Thank you all. I've gotten some wonderful answers. I just want to make sure everybody knows I'm not talking about getting a fish because of the way they look being a bad thing. Most of the reason people like having a fish in their home ihttps://mail.google.com/mail/?tab=wm#inboxs to watch them. I do pick mine based on personality, but most of the pleasure I get from him is watching him...and getting him to bite me. Most people choose based on looks and that's fine. 

What I was really trying to ask was why fish are seen as less important pets than other animals. Some people have answered this and there have been some great responses.

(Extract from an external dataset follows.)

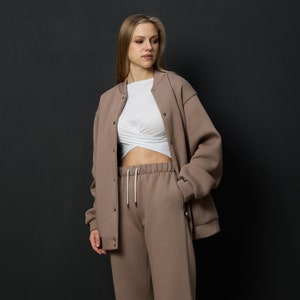 CLOUDSCAPE Unisex Bomber Jacket & Wide-Leg Pants Set – Cozy, Soft, Customizable, Comfortable Winter Outfit, Relaxed Fit, Custom Length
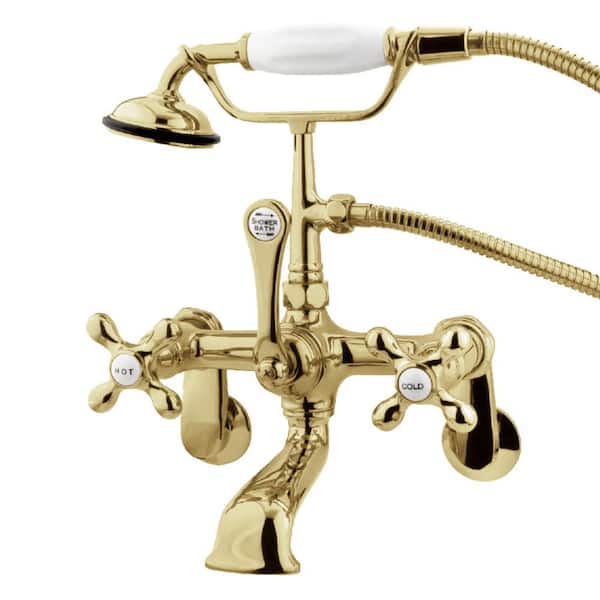 Kingston Brass Vintage Adjustable Center 3-Handle Claw Foot Tub Faucet with Handshower in Polished Brass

As an aside, I also have reptiles and frogs and no one will ever convince me they have no emotions.


----------



## Tolak (Nov 13, 2012)

In most cultures fish are seen as food, and were long before being kept as pets. Dogs & cats are for the most part pets, few cultures use them for food. I could see where birds do get similar treatment as fish, you could have a pet chicken or some such, but for the majority they're part of our food chain.


----------



## Nox (Feb 22, 2016)

I know I said I would be done, I can't stop. To answer your second question/ first? I think most people just see fish as lesser life forms. I was watching a video on how to make beef heart betta food for raising fry. A commenter was just appalled, because they viewed fish as lower than cows. They thought it was morally wrong to feed a creature of higher consciousness to one of lower consciousness. So I think many people just view fish as basic creatures with no thought feeling or emotions almost on the same scale as an insect. While this is obviously not true some people think this way.


----------



## Rennie Sky (Feb 27, 2016)

There's also a cut off for most people based on size and perceived intelligence, even if it's subconscious. I doubt most people here would hesitate to kill or have killed cockroaches if their home were infested. Who is to say a Betta is smarter, more worthy of care then a roach? They are similar sizes.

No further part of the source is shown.